How does public art shape the political imagination and civic practices of citizens? Whose stories have we told and to what effects? How have citizens experienced, ignored, or contested efforts to shape the public landscapes of their cities, nations, and other locations such as universities? What should we do about oppressive monuments and disparities in public commemoration? How can we reimagine memorialization to tell a more capacious array of stories? What form can/should public monuments take? We will read the history of commemoration in light of Black political thought, Indigenous political thought, feminist theory, and queer theory, while analyzing the work of artists and activists who seek to reimagine who, what, and how we choose to remember.

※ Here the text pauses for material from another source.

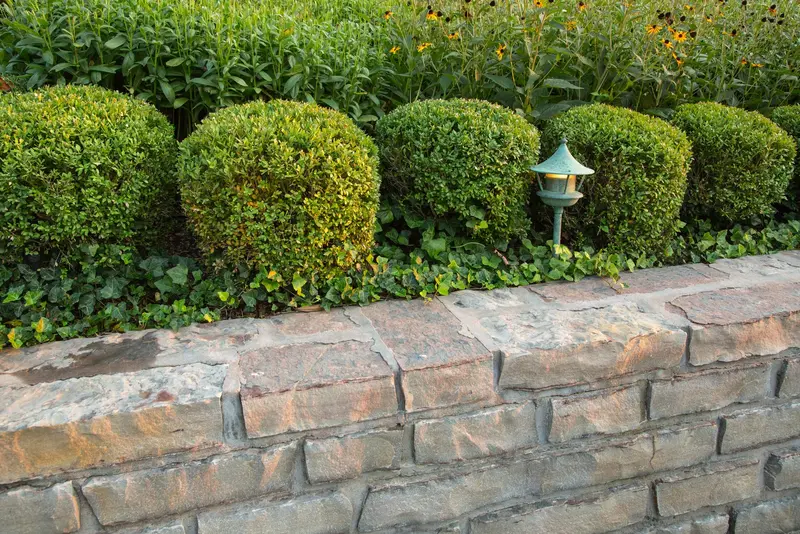 Stone retaining wall bordering a maintained hedge line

Drawing on a wide variety of fields and disciplines, such as political theory, philosophy, history, art and art history, visual culture, and anthropology, as well as the work of artists, philanthropic institutions, activists, and local and national governments, we will explore histories of commemoration and contestation, keeping in mind that public monuments are palimpsests of memory that seek to tell some stories and drown out others. Because commemoration shapes our everyday experience and local public landscapes, we will pay attention to memorialization at Brown and in the United States. At the same time, questions of monuments and commemoration are relevant globally, as societies grapple with how to remember unjust pasts, as in the case of the Holocaust in Germany and victims of state violence in Latin America and elsewhere. The politics of commemoration has also played an important role historically in official nationalisms and in moments of political upheaval when authoritarian and democratizing political projects seek to make use of the past. Projects that take up these issues in a variety of national/geographical contexts or that adopt a comparative approach are especially welcome. Seminar participants may come from the humanities, social sciences, arts, and sciences.
The Pembroke Seminar meets on Wednesdays from 10:00 am – 12:30 pm EST.